*** Source data Section Begins ***

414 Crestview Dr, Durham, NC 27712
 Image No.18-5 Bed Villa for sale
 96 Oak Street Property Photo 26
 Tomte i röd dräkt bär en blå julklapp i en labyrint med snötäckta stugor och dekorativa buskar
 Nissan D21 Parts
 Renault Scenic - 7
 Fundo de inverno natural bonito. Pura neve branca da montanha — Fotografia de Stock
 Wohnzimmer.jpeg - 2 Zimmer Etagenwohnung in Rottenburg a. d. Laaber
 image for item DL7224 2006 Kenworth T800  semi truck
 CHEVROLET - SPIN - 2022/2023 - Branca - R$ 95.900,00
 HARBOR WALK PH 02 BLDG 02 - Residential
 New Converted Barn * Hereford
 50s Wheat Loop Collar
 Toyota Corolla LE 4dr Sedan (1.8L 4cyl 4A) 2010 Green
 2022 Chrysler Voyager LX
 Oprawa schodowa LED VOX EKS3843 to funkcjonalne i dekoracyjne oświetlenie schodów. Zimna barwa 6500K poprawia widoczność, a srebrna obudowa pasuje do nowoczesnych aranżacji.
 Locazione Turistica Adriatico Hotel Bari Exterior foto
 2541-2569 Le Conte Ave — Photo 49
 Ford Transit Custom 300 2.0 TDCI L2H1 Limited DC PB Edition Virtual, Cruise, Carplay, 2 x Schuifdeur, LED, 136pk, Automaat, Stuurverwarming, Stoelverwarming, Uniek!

*** Source data Section Ends ***

Work instructions: Please transcribe the data exactly from its first line. End with the line that contains "Renault Scenic - 7".

The answer:
414 Crestview Dr, Durham, NC 27712
 Image No.18-5 Bed Villa for sale
 96 Oak Street Property Photo 26
 Tomte i röd dräkt bär en blå julklapp i en labyrint med snötäckta stugor och dekorativa buskar
 Nissan D21 Parts
 Renault Scenic - 7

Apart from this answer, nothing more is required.